The central bank’s efforts to cushion the impact of the COVID-19 pandemic on the Philippine economy have led to a massive liquidity infusion into the local financial system topping a trillion pesos, so far.
The central bank head told business leaders on Wednesday (June 3) that he was ready to do more.
According to Bangko Sentral ng Pilipinas (BSP) Governor Benjamin Diokno, the monetary authority has so far made available some P1.1 trillion in additional liquidity since the health crisis began unfolding three months ago.
At the same time, he gave his reassurance that the liquidity system will not be withdrawn abruptly once the economy starts to recover, to ensure that large and small firms will continue having access to cheap funds to rebuild their businesses.
“First, we will carefully manage the winding down of the regulatory relief measures,” he said.
“Proper timing for the unwinding of relief will help protect banks throughout the economic recovery phase and give them flexibility to extend more loans to the vulnerable sectors, which are much needed to speed up the country’s bounce-back process,” said Diokno.
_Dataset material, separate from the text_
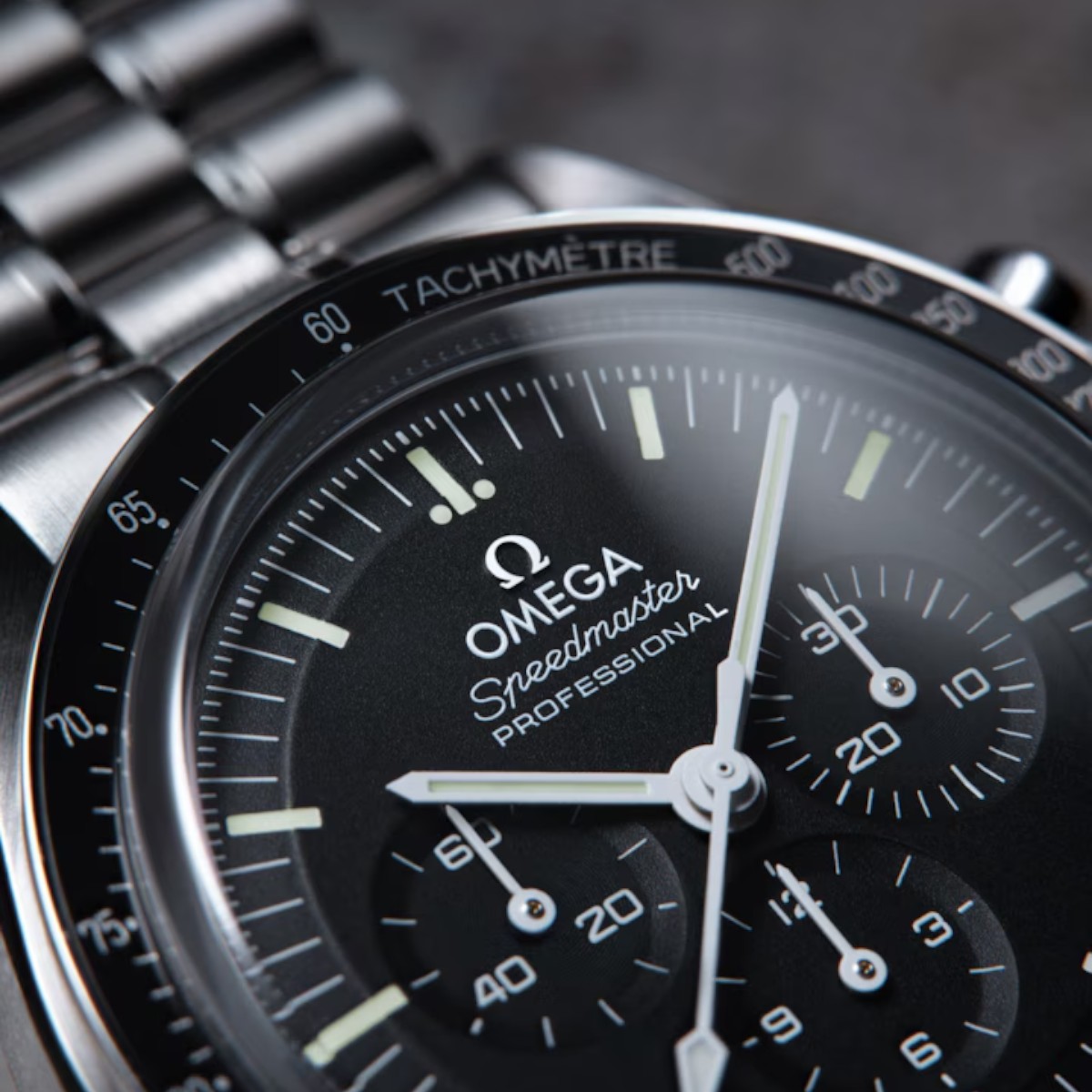 Omega Speedmaster Moonwatch Professional Co-Axial Master Chronometer Chronograph 42mm Watch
The central bank chief addressed his speech to the business group which included Ayala Corp. chair Jaime Augusto Zobel de Ayala, Aboitiz group chair Sabin Aboitiz, BDO Unibank president Nestor Tan, Philippine National Bank president Wick Veloso, Ayala Corp. treasurer TG Limcaoco, Bank of the Philippine Islands president Cezar Consing, Security Bank president Sanjiv Vohra, economist Romeo Bernardo, Eastwest Bank president Antonio Moncupa and Asia United Bank chair Abraham Co.
“We will do a comprehensive assessment of how the crisis has affected BSP-supervised institutions in order to come up with data-driven, evidence-based policy on winding down and its timing,” Diokno told the business leaders.
Despite these measures, economists noted that the central bank cannot save the Philippine economy singlehandedly, urging other elements of the government and the private sector to do their part.
“With BSP delivering the goods early on and providing a fertile environment for a quick economic recovery, it appears that Diokno is waiting on his dance partner as the fiscal side of the fence readies the recovery plan,” ING Bank Manila senior economist Nicholas Mapa said.
“We cannot stress the point enough that prevention is always better than cure and that time is of the essence,” he added. “The cost of an overhaul and reviving a comatose economy will likely be more sizable than quick and timely measures to prevent a full blown economic depression.”
So far, the central bank’s policies in response to the pandemic included a cumulative 125-basis point cut in the policy rate, a 200-basis point reduction in banks’ reserve requirements, a P300-billion repurchase agreement with the national government, P20 billion in advance remittances of dividends to state coffers, the suspension of term deposit facility auctions for certain tenors, the reduction in the overnight overnight borrowing volume offering, and purchase of government securities in the secondary market.
The central bank chief also said the institution will continue to seek opportunities to further enhance the regulatory environment so that supervised institutions will be encouraged to embrace digital systems.
“Over the past year, we achieved successes in this area, including those that have allowed people to pay bills, do online purchases, and engage in other financial transactions even during quarantine,” he said.